Task details.
Your answer must be an exact copy of all the entries.
▼
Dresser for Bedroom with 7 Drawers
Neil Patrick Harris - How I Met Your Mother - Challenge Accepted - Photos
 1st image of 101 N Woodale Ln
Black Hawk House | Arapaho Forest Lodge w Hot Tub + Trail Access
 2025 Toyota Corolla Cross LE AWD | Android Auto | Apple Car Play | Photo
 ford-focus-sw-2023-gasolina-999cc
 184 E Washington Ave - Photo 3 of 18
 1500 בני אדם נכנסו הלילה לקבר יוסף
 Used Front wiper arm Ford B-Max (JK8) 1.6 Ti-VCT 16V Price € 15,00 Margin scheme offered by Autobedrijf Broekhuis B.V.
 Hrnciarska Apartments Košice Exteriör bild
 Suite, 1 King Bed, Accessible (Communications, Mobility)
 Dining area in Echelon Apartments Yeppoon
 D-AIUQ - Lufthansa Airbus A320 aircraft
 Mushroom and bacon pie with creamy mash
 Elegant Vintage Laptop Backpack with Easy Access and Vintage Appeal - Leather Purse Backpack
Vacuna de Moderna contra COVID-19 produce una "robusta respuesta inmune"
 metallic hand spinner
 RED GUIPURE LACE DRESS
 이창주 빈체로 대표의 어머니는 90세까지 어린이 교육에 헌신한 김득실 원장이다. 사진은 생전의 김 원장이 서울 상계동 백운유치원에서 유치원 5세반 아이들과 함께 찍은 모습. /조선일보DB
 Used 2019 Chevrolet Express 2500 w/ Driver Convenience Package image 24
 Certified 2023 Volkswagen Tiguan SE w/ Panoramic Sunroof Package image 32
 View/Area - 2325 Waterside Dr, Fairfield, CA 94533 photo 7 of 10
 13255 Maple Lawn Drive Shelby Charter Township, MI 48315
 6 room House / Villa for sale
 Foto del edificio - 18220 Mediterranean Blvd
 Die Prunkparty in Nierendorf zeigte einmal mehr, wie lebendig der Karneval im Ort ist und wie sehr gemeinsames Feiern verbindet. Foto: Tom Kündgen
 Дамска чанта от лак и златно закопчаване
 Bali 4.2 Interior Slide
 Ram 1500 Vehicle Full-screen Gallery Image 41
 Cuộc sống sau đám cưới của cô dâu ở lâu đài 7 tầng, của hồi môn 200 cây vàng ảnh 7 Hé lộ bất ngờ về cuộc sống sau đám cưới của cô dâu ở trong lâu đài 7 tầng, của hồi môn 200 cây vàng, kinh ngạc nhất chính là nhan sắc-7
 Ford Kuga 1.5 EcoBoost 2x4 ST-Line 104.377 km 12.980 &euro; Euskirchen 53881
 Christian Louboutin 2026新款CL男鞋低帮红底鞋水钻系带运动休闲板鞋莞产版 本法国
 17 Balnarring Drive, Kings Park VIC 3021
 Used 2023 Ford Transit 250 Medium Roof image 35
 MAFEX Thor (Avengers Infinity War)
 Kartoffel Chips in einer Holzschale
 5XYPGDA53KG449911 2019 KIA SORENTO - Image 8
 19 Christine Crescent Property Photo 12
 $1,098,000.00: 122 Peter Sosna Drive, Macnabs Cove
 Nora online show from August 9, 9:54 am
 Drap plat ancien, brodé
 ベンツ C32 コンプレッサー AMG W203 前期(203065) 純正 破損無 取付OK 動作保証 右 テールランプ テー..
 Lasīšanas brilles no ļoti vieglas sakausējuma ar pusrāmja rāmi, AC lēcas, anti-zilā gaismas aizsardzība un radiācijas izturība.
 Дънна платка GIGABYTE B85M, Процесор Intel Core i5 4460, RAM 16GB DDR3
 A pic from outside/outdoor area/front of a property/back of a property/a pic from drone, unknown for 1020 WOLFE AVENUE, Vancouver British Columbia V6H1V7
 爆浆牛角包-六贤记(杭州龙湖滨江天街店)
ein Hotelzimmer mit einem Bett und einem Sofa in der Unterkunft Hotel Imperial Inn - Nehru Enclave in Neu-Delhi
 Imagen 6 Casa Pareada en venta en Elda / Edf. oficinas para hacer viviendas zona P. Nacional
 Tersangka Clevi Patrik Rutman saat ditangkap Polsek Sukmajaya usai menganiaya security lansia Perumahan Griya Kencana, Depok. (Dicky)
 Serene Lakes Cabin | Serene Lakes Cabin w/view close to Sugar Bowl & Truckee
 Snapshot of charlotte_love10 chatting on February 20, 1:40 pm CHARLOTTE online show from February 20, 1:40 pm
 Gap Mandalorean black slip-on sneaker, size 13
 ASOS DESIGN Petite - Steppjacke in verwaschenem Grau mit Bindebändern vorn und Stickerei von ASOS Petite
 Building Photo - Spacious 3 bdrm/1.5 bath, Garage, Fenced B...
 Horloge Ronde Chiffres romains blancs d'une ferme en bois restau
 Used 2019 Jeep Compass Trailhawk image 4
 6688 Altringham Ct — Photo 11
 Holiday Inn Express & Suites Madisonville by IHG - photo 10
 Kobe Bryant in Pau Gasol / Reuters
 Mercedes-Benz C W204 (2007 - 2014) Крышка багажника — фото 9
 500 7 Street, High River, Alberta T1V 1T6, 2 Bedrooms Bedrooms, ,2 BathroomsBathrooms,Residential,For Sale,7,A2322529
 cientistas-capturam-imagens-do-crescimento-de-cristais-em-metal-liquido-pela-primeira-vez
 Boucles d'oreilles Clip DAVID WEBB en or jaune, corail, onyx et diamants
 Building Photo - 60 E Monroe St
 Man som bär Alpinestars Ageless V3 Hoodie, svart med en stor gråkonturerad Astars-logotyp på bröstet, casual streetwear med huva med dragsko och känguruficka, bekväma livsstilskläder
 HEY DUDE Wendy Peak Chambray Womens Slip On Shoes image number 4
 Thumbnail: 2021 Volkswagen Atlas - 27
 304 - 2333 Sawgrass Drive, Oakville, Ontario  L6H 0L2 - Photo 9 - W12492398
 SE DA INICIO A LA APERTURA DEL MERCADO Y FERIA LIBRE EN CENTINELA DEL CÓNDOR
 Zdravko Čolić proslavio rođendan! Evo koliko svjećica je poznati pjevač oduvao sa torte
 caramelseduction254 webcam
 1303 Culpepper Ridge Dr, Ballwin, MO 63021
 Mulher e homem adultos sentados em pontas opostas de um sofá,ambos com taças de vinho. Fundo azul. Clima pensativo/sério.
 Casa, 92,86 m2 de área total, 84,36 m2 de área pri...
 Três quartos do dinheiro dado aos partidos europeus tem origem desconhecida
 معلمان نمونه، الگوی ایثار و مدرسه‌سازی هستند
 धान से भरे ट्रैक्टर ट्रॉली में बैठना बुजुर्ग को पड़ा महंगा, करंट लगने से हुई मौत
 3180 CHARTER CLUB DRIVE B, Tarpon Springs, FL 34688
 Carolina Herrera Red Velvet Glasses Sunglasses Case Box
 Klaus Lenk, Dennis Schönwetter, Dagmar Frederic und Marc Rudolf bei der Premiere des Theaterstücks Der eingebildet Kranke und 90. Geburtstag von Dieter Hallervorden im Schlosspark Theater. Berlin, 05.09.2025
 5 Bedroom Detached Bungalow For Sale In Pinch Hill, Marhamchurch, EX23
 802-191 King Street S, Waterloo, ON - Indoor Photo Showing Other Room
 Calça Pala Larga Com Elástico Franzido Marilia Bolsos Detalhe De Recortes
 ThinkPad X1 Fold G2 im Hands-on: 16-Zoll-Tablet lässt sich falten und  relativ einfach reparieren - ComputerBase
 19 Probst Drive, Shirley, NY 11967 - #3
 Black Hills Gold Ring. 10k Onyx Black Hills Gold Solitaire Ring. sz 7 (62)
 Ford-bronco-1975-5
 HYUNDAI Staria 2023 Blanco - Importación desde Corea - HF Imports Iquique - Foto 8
▲
Result.
Dresser for Bedroom with 7 Drawers
Neil Patrick Harris - How I Met Your Mother - Challenge Accepted - Photos
 1st image of 101 N Woodale Ln
Black Hawk House | Arapaho Forest Lodge w Hot Tub + Trail Access
 2025 Toyota Corolla Cross LE AWD | Android Auto | Apple Car Play | Photo
 ford-focus-sw-2023-gasolina-999cc
 184 E Washington Ave - Photo 3 of 18
 1500 בני אדם נכנסו הלילה לקבר יוסף
 Used Front wiper arm Ford B-Max (JK8) 1.6 Ti-VCT 16V Price € 15,00 Margin scheme offered by Autobedrijf Broekhuis B.V.
 Hrnciarska Apartments Košice Exteriör bild
 Suite, 1 King Bed, Accessible (Communications, Mobility)
 Dining area in Echelon Apartments Yeppoon
 D-AIUQ - Lufthansa Airbus A320 aircraft
 Mushroom and bacon pie with creamy mash
 Elegant Vintage Laptop Backpack with Easy Access and Vintage Appeal - Leather Purse Backpack
Vacuna de Moderna contra COVID-19 produce una "robusta respuesta inmune"
 metallic hand spinner
 RED GUIPURE LACE DRESS
 이창주 빈체로 대표의 어머니는 90세까지 어린이 교육에 헌신한 김득실 원장이다. 사진은 생전의 김 원장이 서울 상계동 백운유치원에서 유치원 5세반 아이들과 함께 찍은 모습. /조선일보DB
 Used 2019 Chevrolet Express 2500 w/ Driver Convenience Package image 24
 Certified 2023 Volkswagen Tiguan SE w/ Panoramic Sunroof Package image 32
 View/Area - 2325 Waterside Dr, Fairfield, CA 94533 photo 7 of 10
 13255 Maple Lawn Drive Shelby Charter Township, MI 48315
 6 room House / Villa for sale
 Foto del edificio - 18220 Mediterranean Blvd
 Die Prunkparty in Nierendorf zeigte einmal mehr, wie lebendig der Karneval im Ort ist und wie sehr gemeinsames Feiern verbindet. Foto: Tom Kündgen
 Дамска чанта от лак и златно закопчаване
 Bali 4.2 Interior Slide
 Ram 1500 Vehicle Full-screen Gallery Image 41
 Cuộc sống sau đám cưới của cô dâu ở lâu đài 7 tầng, của hồi môn 200 cây vàng ảnh 7 Hé lộ bất ngờ về cuộc sống sau đám cưới của cô dâu ở trong lâu đài 7 tầng, của hồi môn 200 cây vàng, kinh ngạc nhất chính là nhan sắc-7
 Ford Kuga 1.5 EcoBoost 2x4 ST-Line 104.377 km 12.980 &euro; Euskirchen 53881
 Christian Louboutin 2026新款CL男鞋低帮红底鞋水钻系带运动休闲板鞋莞产版 本法国
 17 Balnarring Drive, Kings Park VIC 3021
 Used 2023 Ford Transit 250 Medium Roof image 35
 MAFEX Thor (Avengers Infinity War)
 Kartoffel Chips in einer Holzschale
 5XYPGDA53KG449911 2019 KIA SORENTO - Image 8
 19 Christine Crescent Property Photo 12
 $1,098,000.00: 122 Peter Sosna Drive, Macnabs Cove
 Nora online show from August 9, 9:54 am
 Drap plat ancien, brodé
 ベンツ C32 コンプレッサー AMG W203 前期(203065) 純正 破損無 取付OK 動作保証 右 テールランプ テー..
 Lasīšanas brilles no ļoti vieglas sakausējuma ar pusrāmja rāmi, AC lēcas, anti-zilā gaismas aizsardzība un radiācijas izturība.
 Дънна платка GIGABYTE B85M, Процесор Intel Core i5 4460, RAM 16GB DDR3
 A pic from outside/outdoor area/front of a property/back of a property/a pic from drone, unknown for 1020 WOLFE AVENUE, Vancouver British Columbia V6H1V7
 爆浆牛角包-六贤记(杭州龙湖滨江天街店)
ein Hotelzimmer mit einem Bett und einem Sofa in der Unterkunft Hotel Imperial Inn - Nehru Enclave in Neu-Delhi
 Imagen 6 Casa Pareada en venta en Elda / Edf. oficinas para hacer viviendas zona P. Nacional
 Tersangka Clevi Patrik Rutman saat ditangkap Polsek Sukmajaya usai menganiaya security lansia Perumahan Griya Kencana, Depok. (Dicky)
 Serene Lakes Cabin | Serene Lakes Cabin w/view close to Sugar Bowl & Truckee
 Snapshot of charlotte_love10 chatting on February 20, 1:40 pm CHARLOTTE online show from February 20, 1:40 pm
 Gap Mandalorean black slip-on sneaker, size 13
 ASOS DESIGN Petite - Steppjacke in verwaschenem Grau mit Bindebändern vorn und Stickerei von ASOS Petite
 Building Photo - Spacious 3 bdrm/1.5 bath, Garage, Fenced B...
 Horloge Ronde Chiffres romains blancs d'une ferme en bois restau
 Used 2019 Jeep Compass Trailhawk image 4
 6688 Altringham Ct — Photo 11
 Holiday Inn Express & Suites Madisonville by IHG - photo 10
 Kobe Bryant in Pau Gasol / Reuters
 Mercedes-Benz C W204 (2007 - 2014) Крышка багажника — фото 9
 500 7 Street, High River, Alberta T1V 1T6, 2 Bedrooms Bedrooms, ,2 BathroomsBathrooms,Residential,For Sale,7,A2322529
 cientistas-capturam-imagens-do-crescimento-de-cristais-em-metal-liquido-pela-primeira-vez
 Boucles d'oreilles Clip DAVID WEBB en or jaune, corail, onyx et diamants
 Building Photo - 60 E Monroe St
 Man som bär Alpinestars Ageless V3 Hoodie, svart med en stor gråkonturerad Astars-logotyp på bröstet, casual streetwear med huva med dragsko och känguruficka, bekväma livsstilskläder
 HEY DUDE Wendy Peak Chambray Womens Slip On Shoes image number 4
 Thumbnail: 2021 Volkswagen Atlas - 27
 304 - 2333 Sawgrass Drive, Oakville, Ontario  L6H 0L2 - Photo 9 - W12492398
 SE DA INICIO A LA APERTURA DEL MERCADO Y FERIA LIBRE EN CENTINELA DEL CÓNDOR
 Zdravko Čolić proslavio rođendan! Evo koliko svjećica je poznati pjevač oduvao sa torte
 caramelseduction254 webcam
 1303 Culpepper Ridge Dr, Ballwin, MO 63021
 Mulher e homem adultos sentados em pontas opostas de um sofá,ambos com taças de vinho. Fundo azul. Clima pensativo/sério.
 Casa, 92,86 m2 de área total, 84,36 m2 de área pri...
 Três quartos do dinheiro dado aos partidos europeus tem origem desconhecida
 معلمان نمونه، الگوی ایثار و مدرسه‌سازی هستند
 धान से भरे ट्रैक्टर ट्रॉली में बैठना बुजुर्ग को पड़ा महंगा, करंट लगने से हुई मौत
 3180 CHARTER CLUB DRIVE B, Tarpon Springs, FL 34688
 Carolina Herrera Red Velvet Glasses Sunglasses Case Box
 Klaus Lenk, Dennis Schönwetter, Dagmar Frederic und Marc Rudolf bei der Premiere des Theaterstücks Der eingebildet Kranke und 90. Geburtstag von Dieter Hallervorden im Schlosspark Theater. Berlin, 05.09.2025
 5 Bedroom Detached Bungalow For Sale In Pinch Hill, Marhamchurch, EX23
 802-191 King Street S, Waterloo, ON - Indoor Photo Showing Other Room
 Calça Pala Larga Com Elástico Franzido Marilia Bolsos Detalhe De Recortes
 ThinkPad X1 Fold G2 im Hands-on: 16-Zoll-Tablet lässt sich falten und  relativ einfach reparieren - ComputerBase
 19 Probst Drive, Shirley, NY 11967 - #3
 Black Hills Gold Ring. 10k Onyx Black Hills Gold Solitaire Ring. sz 7 (62)
 Ford-bronco-1975-5
 HYUNDAI Staria 2023 Blanco - Importación desde Corea - HF Imports Iquique - Foto 8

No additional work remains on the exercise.